» Activity: Since the listing below shows pictures, leave them out and write out exactly the lines from the line with "We're back with" to the line with "The blue cannula", both included, and no others.

» Recorded information:

↓↓↓

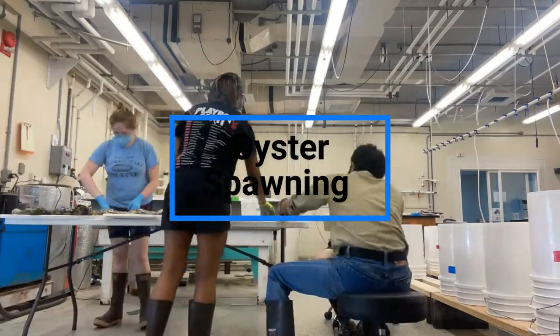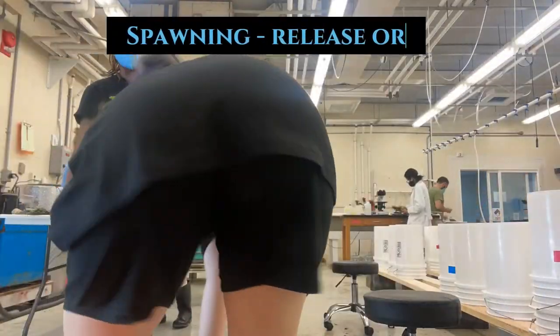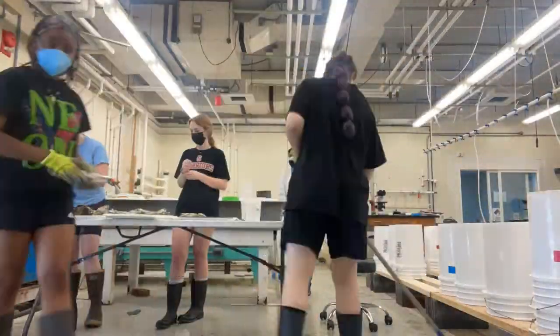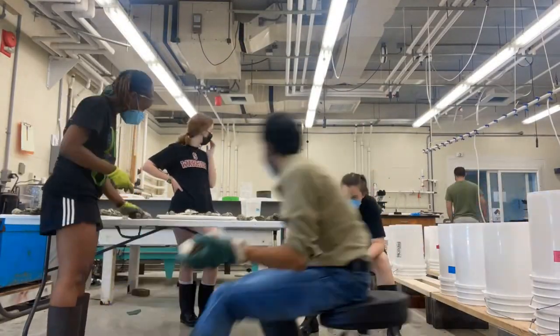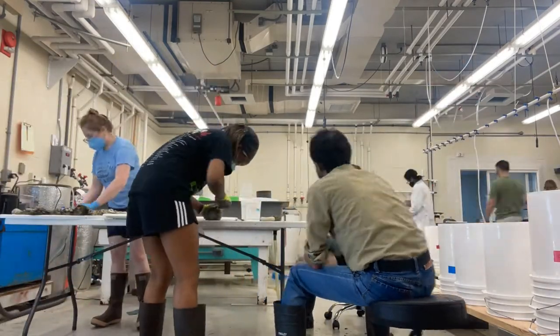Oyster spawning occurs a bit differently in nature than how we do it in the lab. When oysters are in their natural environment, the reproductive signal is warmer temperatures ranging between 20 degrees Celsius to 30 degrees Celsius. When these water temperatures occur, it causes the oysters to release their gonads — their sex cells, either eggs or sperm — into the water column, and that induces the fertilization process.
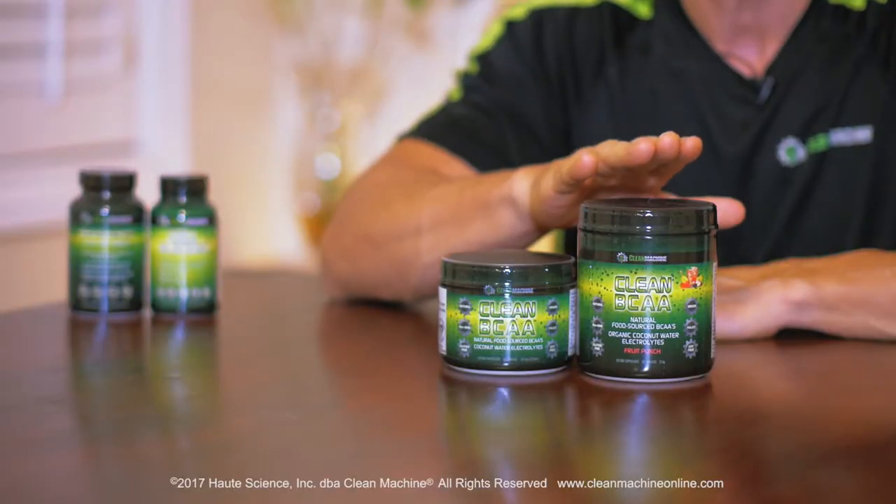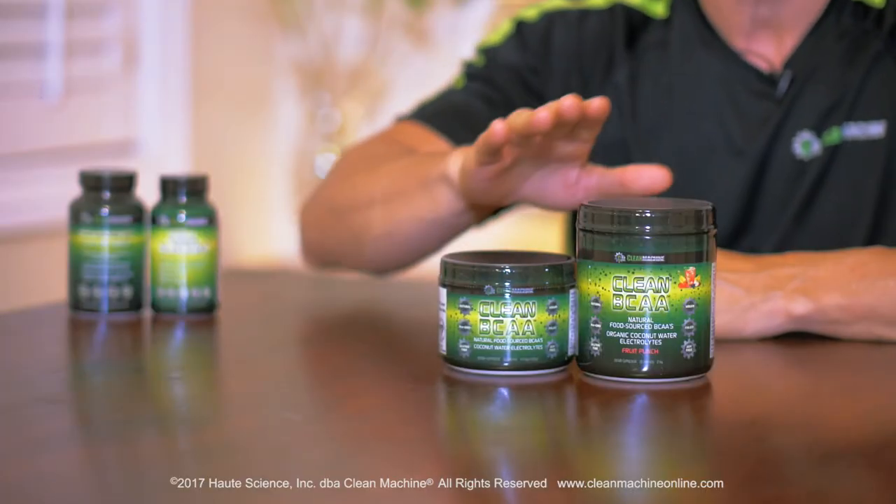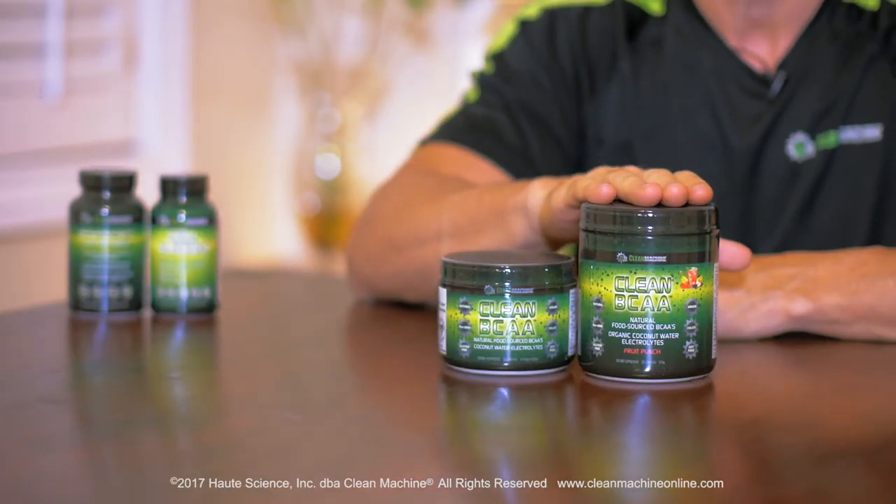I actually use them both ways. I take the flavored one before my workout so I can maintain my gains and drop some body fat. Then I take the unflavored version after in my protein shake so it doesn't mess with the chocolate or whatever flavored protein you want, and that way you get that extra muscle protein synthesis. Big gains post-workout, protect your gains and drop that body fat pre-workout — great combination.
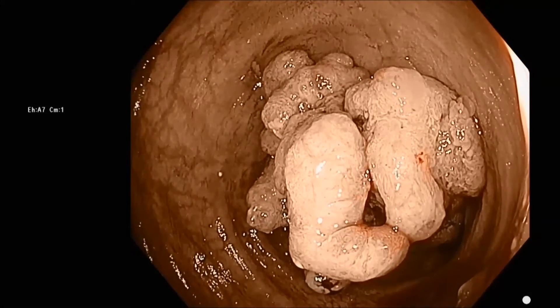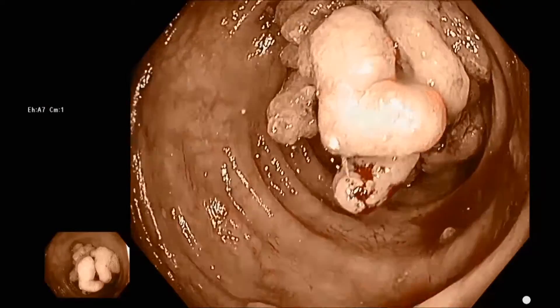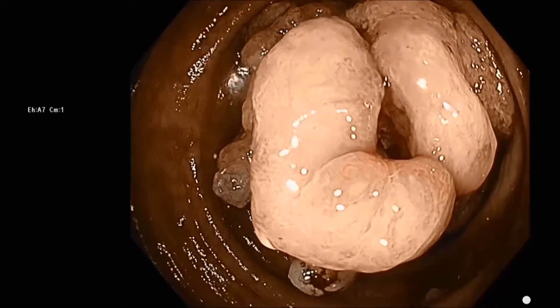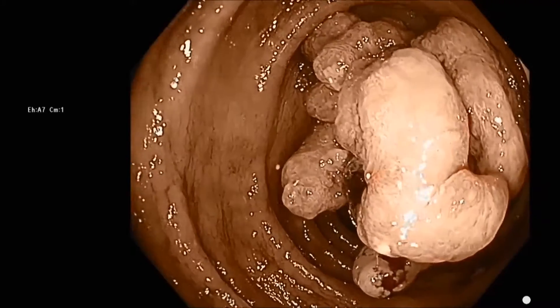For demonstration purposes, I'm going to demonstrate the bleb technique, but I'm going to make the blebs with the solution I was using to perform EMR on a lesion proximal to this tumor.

↑↑↑
↓↓↓

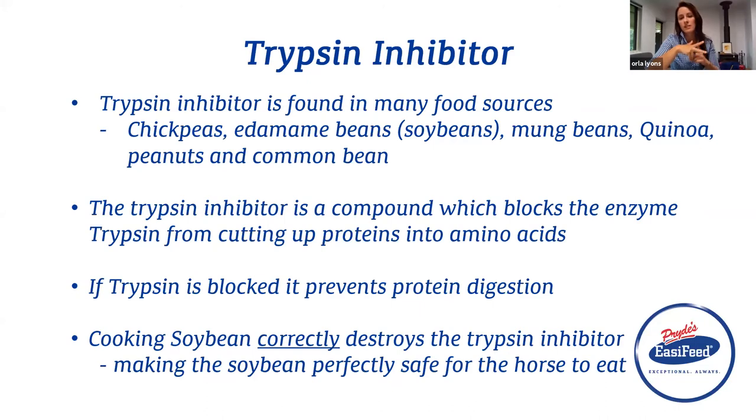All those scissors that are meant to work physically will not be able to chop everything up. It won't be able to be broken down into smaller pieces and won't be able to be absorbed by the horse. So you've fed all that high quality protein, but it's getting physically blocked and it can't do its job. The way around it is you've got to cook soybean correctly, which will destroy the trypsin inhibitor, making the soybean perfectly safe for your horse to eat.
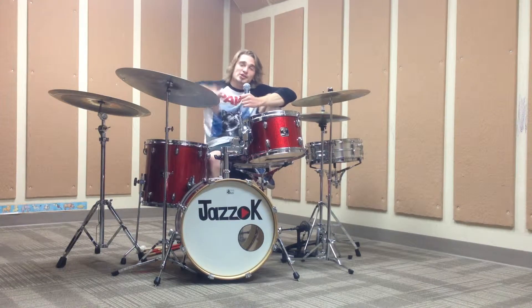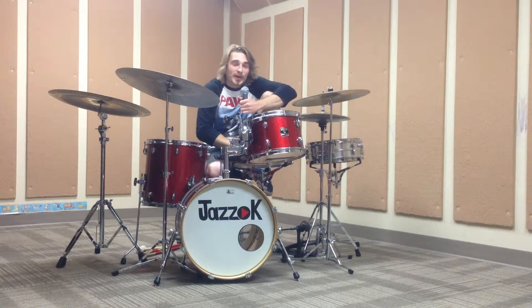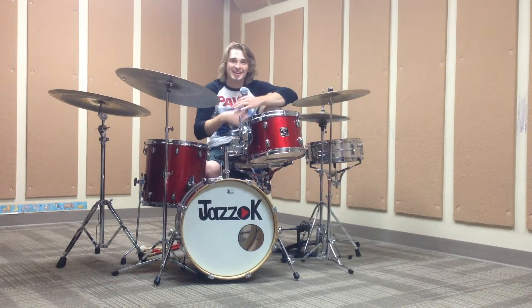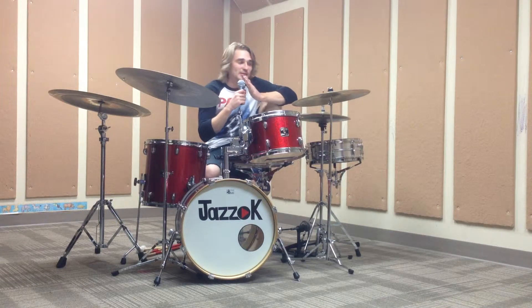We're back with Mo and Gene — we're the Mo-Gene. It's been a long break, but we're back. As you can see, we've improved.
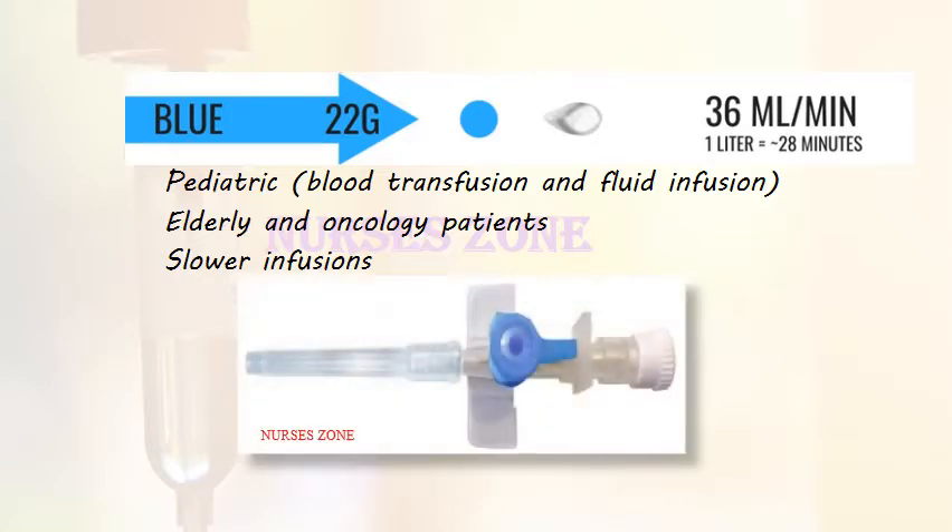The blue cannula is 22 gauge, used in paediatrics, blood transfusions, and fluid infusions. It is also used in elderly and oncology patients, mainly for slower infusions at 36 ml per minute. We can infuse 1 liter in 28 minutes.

↑↑↑

» Answer area:
We're back with Mo and Gene — we're the Mo-Gene. It's been a long break, but we're back. As you can see, we've improved.
The blue cannula is 22 gauge, used in paediatrics, blood transfusions, and fluid infusions. It is also used in elderly and oncology patients, mainly for slower infusions at 36 ml per minute. We can infuse 1 liter in 28 minutes.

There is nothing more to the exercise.